Bununla birlikte özellikle 19. yüzyıldan itibaren bölgeyi daha fazla ziyaret etmeye başlayan Batılı gezginler de köprünün estetiğinden çok etkilenip duydukları hayranlığı kaleme aldıkları seyahatname ya da günlüklerine not düşerler.
OSMANLI DÖNEMİNE VEDA
Sokullu Mehmet Paşa ve Rüstem Paşa gibi Osmanlı tarihine damga vuran pek çok önemli devlet adamının dünyaya geldiği Bosna toprakları, 1878 yılında Avusturya tarafından ilhak edilir. Bu ilhak Bosna'da yaşayan neredeyse herkes tarafından büyük bir tepkiyle karşılaşır. İlhak sonrası Boşnaklar Osmanlı topraklarına göç ederken, bölge çok çalkantılı bir sürece adım atar.
Öyle ki 1914 yılına gelindiğinde Bosna'yı ziyaret eden Avusturya veliaht prensi Arşidük Franz Ferdinand, Sırp milliyetçisi Gavrilo Princip tarafından Saraybosna'daki ünlü Latin Köprüsü yakınında vurularak öldürülür. Bu cinayetten 39 gün sonra da Birinci Dünya Savaşı başlar birçok cephe açılır. Savaş sonunda da aralarında Osmanlı, Rusya ve Avusturya'nın da bulunduğu imparatorluklar parçalanır.
MOSTAR İÇİN SANCILI YILLAR
Birinci Dünya Savaşı sonrası Sırp-Hırvat-Sloven Krallığı'nın bir parçası haline gelen Mostar, kısa bir sürenin ardından dünyanın yeniden içine girdiği çatışma sarmalının parçası olur. İkinci Dünya Savaşı sırasında Nazi Almanyası'nın işgaline uğrayan bölge, savaştan sonra Tito önderliğinde kurulan Yugoslavya'nın bir parçası olur.
Tito idaresinde nispeten huzurlu bir dönem yaşayan Mostar bu dönemde Osmanlı ve Avusturya döneminden kalma yapıların yanı sıra yeni binaların inşa edildiği Mostar, tarih ve modern dönemi bir arada yaşatmaya başlar.
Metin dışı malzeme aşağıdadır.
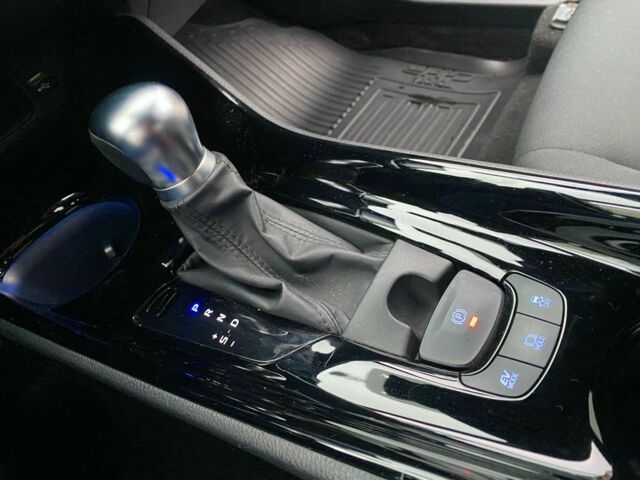 Серый Тойота C-HR, объемом двигателя 0 л и пробегом 76 тыс. км за 27000 $, фото 14 на Automoto.ua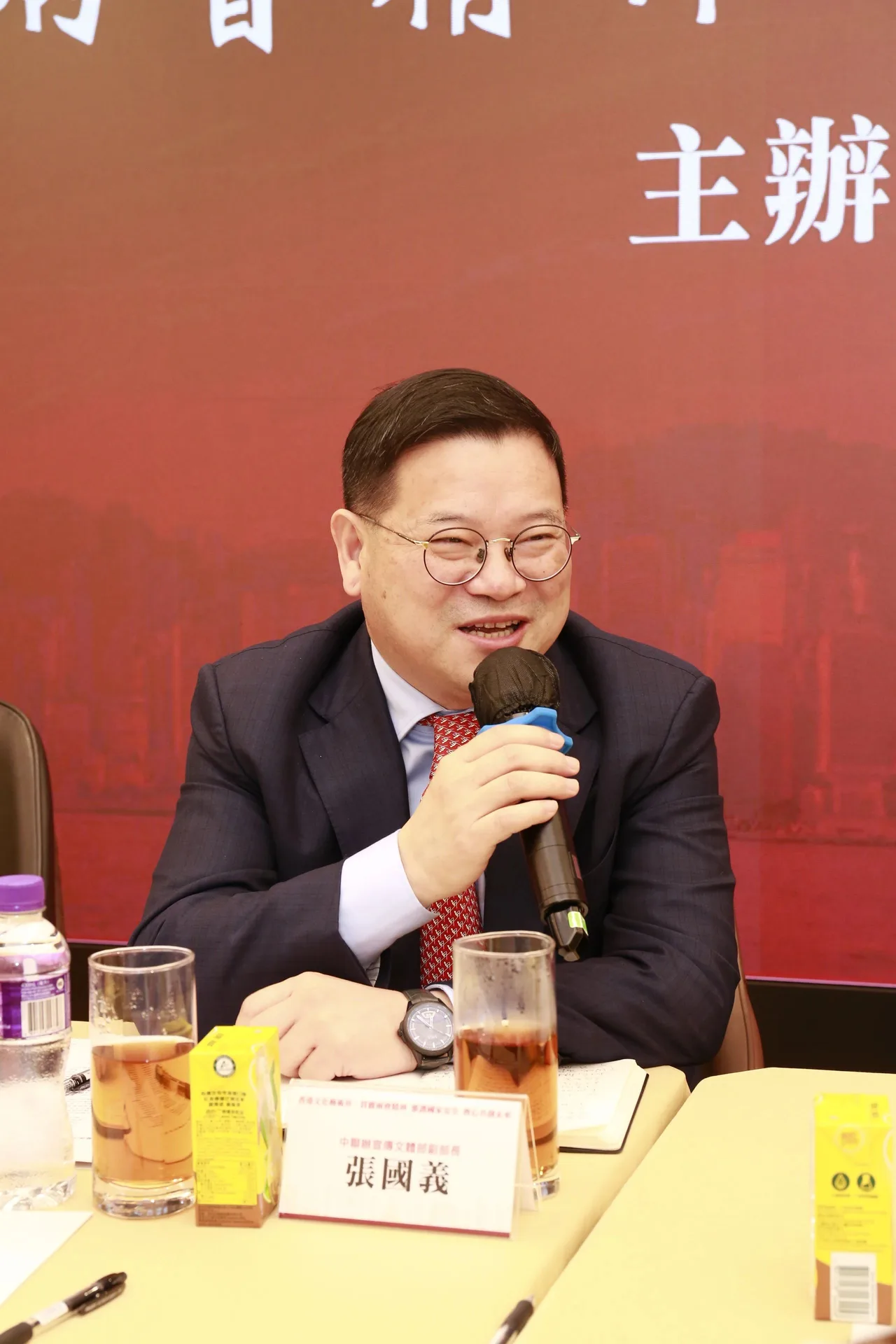《紫荆网》报道 | 涂辉龙主席出席由香港文促会举办的座谈会 贯彻全国“两会”精神 吁各界维护国家安全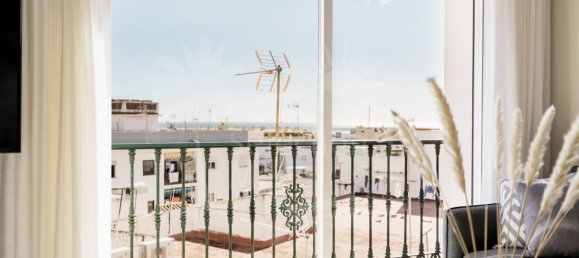 3 bedrooms Penthouse in Marbella, Spain No. 24081 6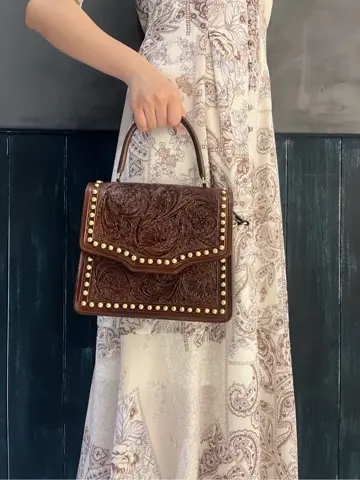 ORIGINATED IN GRACE CONTINENTAL Moe コーディネート画像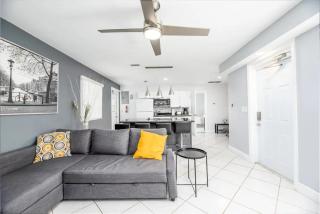 Cozy Getaway with Pool and Putting Green Unit 1 - Fort Lauderdale - 8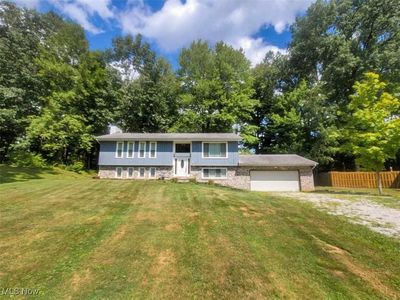 2725 Sun Dr, Akron, OH, 44312
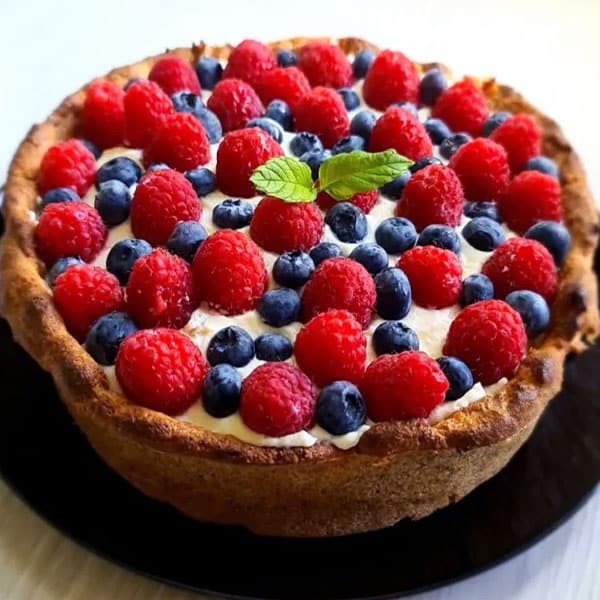 Tarte ar avenēm un vārīto piena-biezpiena krēmu (mazkaloriju) 1 Tarte ar avenēm un vārīto piena-biezpiena krēmu mazkaloriju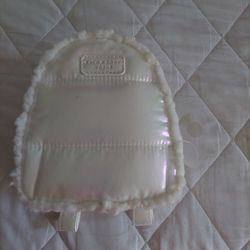 New White Crossbody $10  Or Bo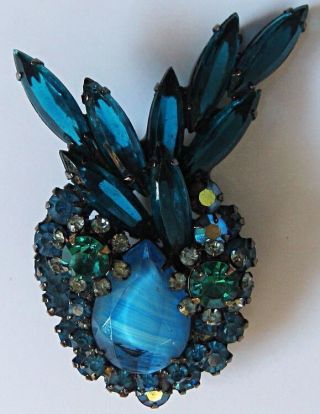 Vintage Juliana Dimensional Shades Of Blue Art Glass & Rhinestone Bunny Pin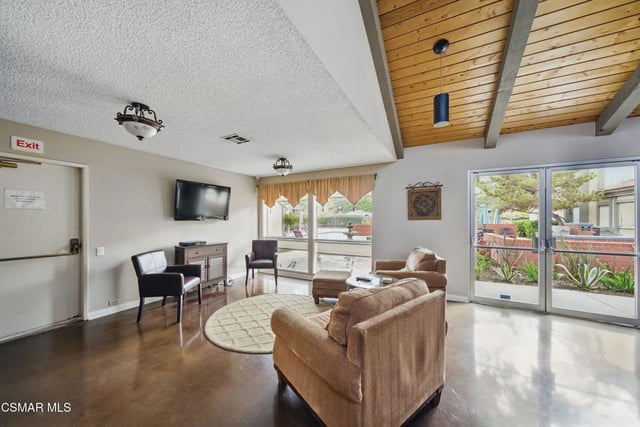 255 Sequoia Court 14, Thousand Oaks, CA 91360 — photo 32 of 40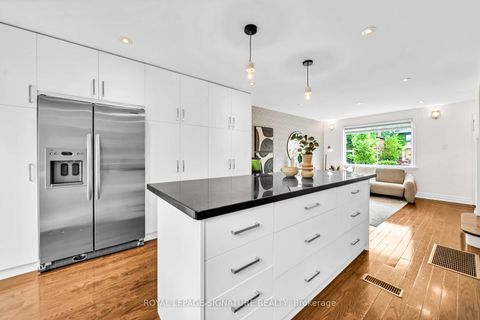Photo 10 at 132 Glenvale Boulevard, Leaside, Toronto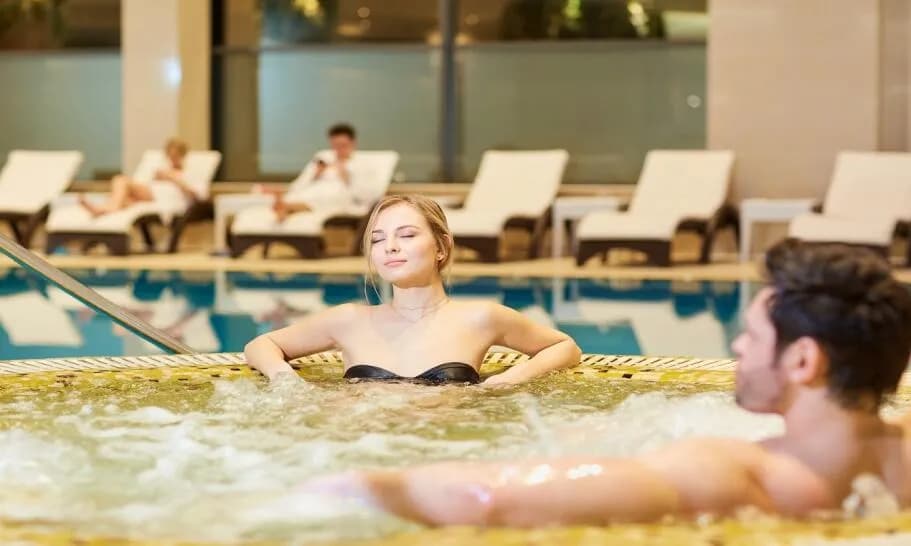 Czym się różni hotel od hostelu? Kluczowe różnice, które musisz znać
Ancak 1992'de Yugoslavya'nın dağılma sürecinde Bosna'da başlayan ve üç yıl süren iç savaş Mostar'da büyük kayıplara neden olur. Savaş sırasında kentte yaşanan can kayıplarının yanı sıra Mostar ile özdeşleşen Osmanlı eseri köprü Hırvat uçakları tarafından yıkılır.
KÖPRÜ YENİDEN AYAKTA
2004 yılında aslına uygun biçimde Türkiye'nin öncülüğünde yeniden inşa edilen ve bu sırada da Neretva nehrinin serin sularında yıllardır bekleyen eski yapının kalıntılarının kullanıldığı Mostar Köprüsü, günümüzde UNESCO Dünya Mirası Listesi'nde yer almaktadır. Öyle ki köprüde asırlık gelenekler yeniden hayat bulmaya, eski konserler de tekrarlanmaya başladı.
Yüzlerce yıl önce aşık olduğu ikna etmek isteyen Mostarlı gençler sevgilerini ispat etmek için 29 metre yüksekliğindeki bu köprüden atlarmış. Mostar Köprüsü'nden Neretva nehrinin serin sularına atlayış gerçekleştiremeyen genç erkeklerin evlilik talepleri Mostarlı kızların aileleri tarafından kabul edilmezmiş. Günümüzde de bu gelenek çeşitli yarışma ve organizasyonlarla sürdürülmektedir.